Issues about extraction · Coq devs & plugin devs

Stream: Coq devs & plugin devs

Topic: Issues about extraction

Hugo Herbelin (Mar 05 2023 at 18:44):

The "extraction project" on github happens to be very convenient to have an overview of the extraction issues. Thanks in passing to who contributed to it.

Still in passing, what are the current plans about extraction and universes (e.g. on the MetaCoq side)? On the Paris side, Pierre L. and I are supervising a work on making explicit Prop<=Type subtyping, that is in characterizing what definitional rules have to hold if one replaces subtyping by boxing. This is related to extraction in the sense that the function to enter the box is where the computational contents connecting a type φ[X:=T]:Prop to its version in type φ[X]:Type when X is substituted only afterwards with a T that lowers it in Prop. I made an experimental PR #17302 to test this approach.

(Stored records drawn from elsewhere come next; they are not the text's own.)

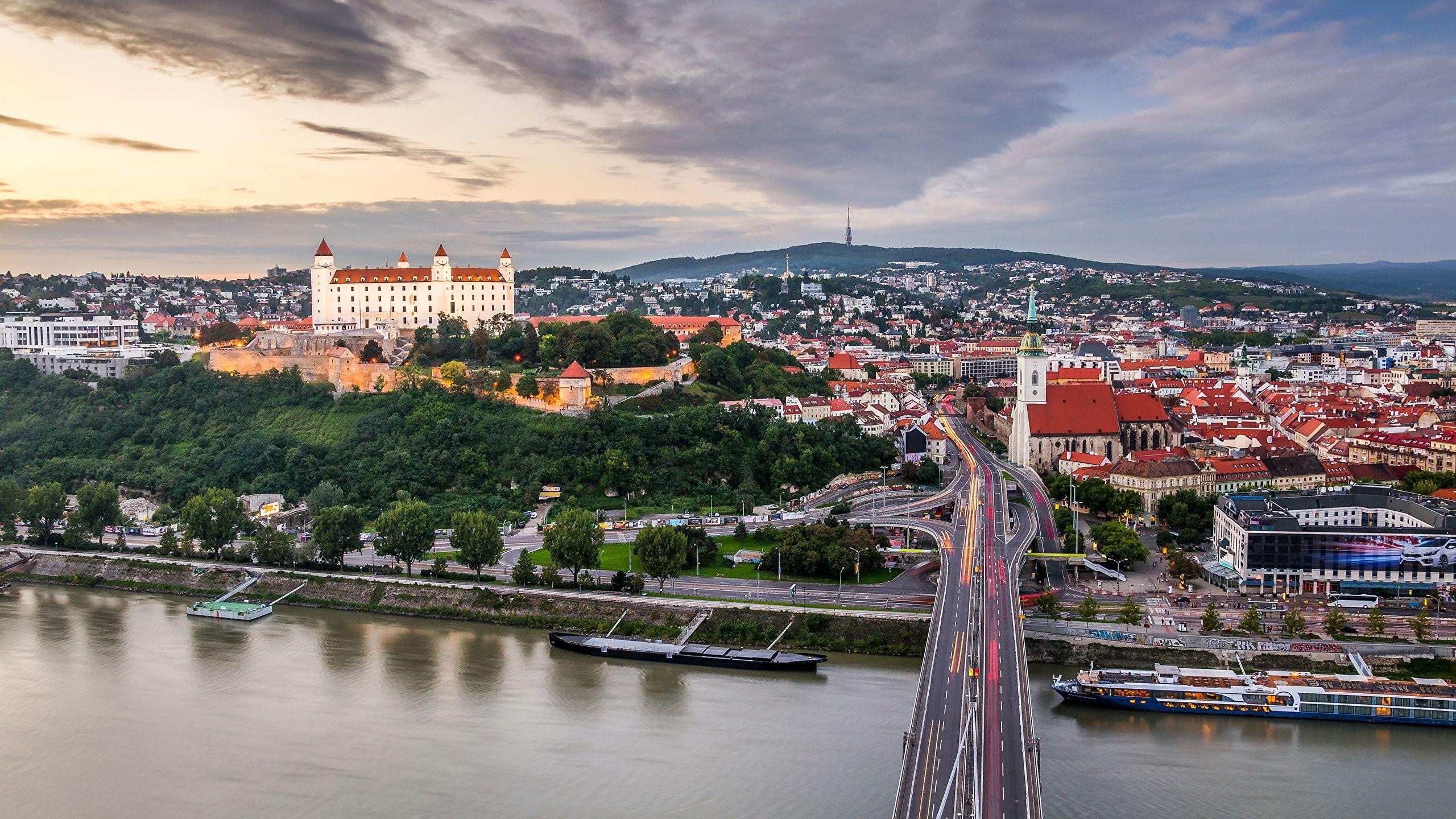 Bratislava, Wallpaper, Cityscape beauty, European charm, 2560x1440 HD Desktop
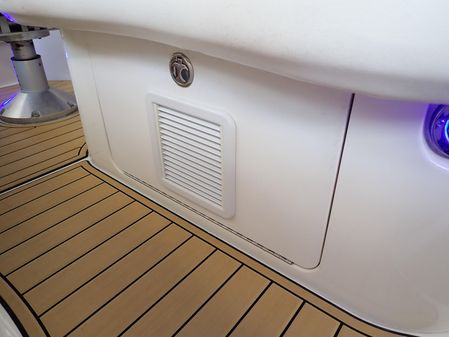 Sea Ray 380 Sundancer image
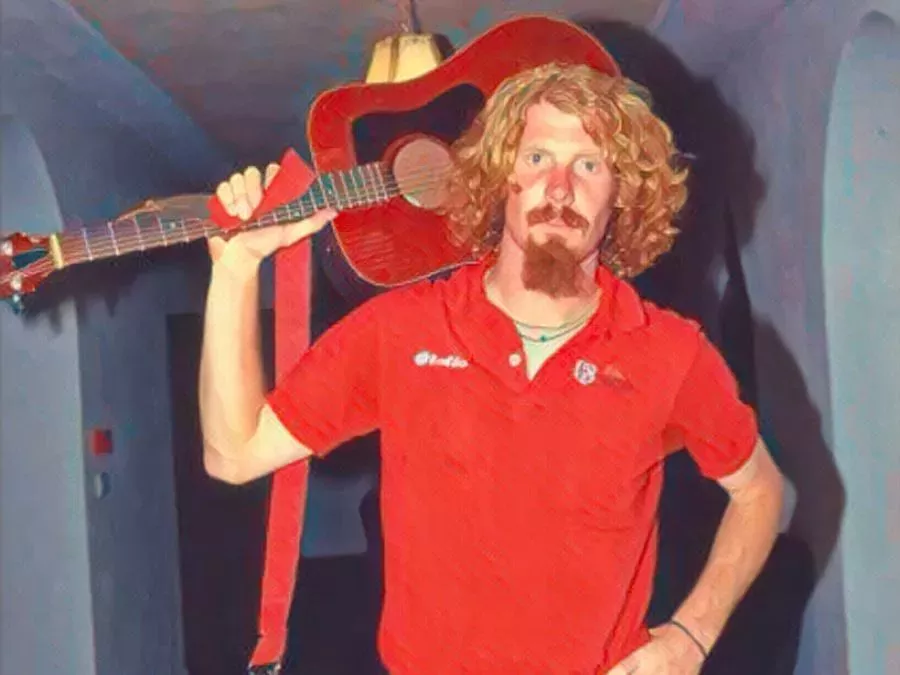 Alexi Lalas in un momento di relax durante il ritiro estivo del Padova 1994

Ali Caglayan (Mar 06 2023 at 01:03):

I'm glad somebody found it useful. :)

Matthieu Sozeau (Mar 06 2023 at 07:06):

Hugo Herbelin said:

The "extraction project" on github happens to be very convenient to have an overview of the extraction issues. Thanks in passing to who contributed to it.

Still in passing, what are the current plans about extraction and universes (e.g. on the MetaCoq side)? On the Paris side, Pierre L. and I are supervising a work on making explicit Prop<=Type subtyping, that is in characterizing what definitional rules have to hold if one replaces subtyping by boxing. This is related to extraction in the sense that the function to enter the box is where the computational contents connecting a type φ[X:=T]:Prop to its version in type φ[X]:Type when X is substituted only afterwards with a T that lowers it in Prop. I made an experimental PR #17302 to test this approach.

We have no plans regarding Prop <= Type yet, the whole erasure development works under the assumption that we don’t use this rule. It would be great if we had a proven translation from implicit to explicit Prop <= Type ;)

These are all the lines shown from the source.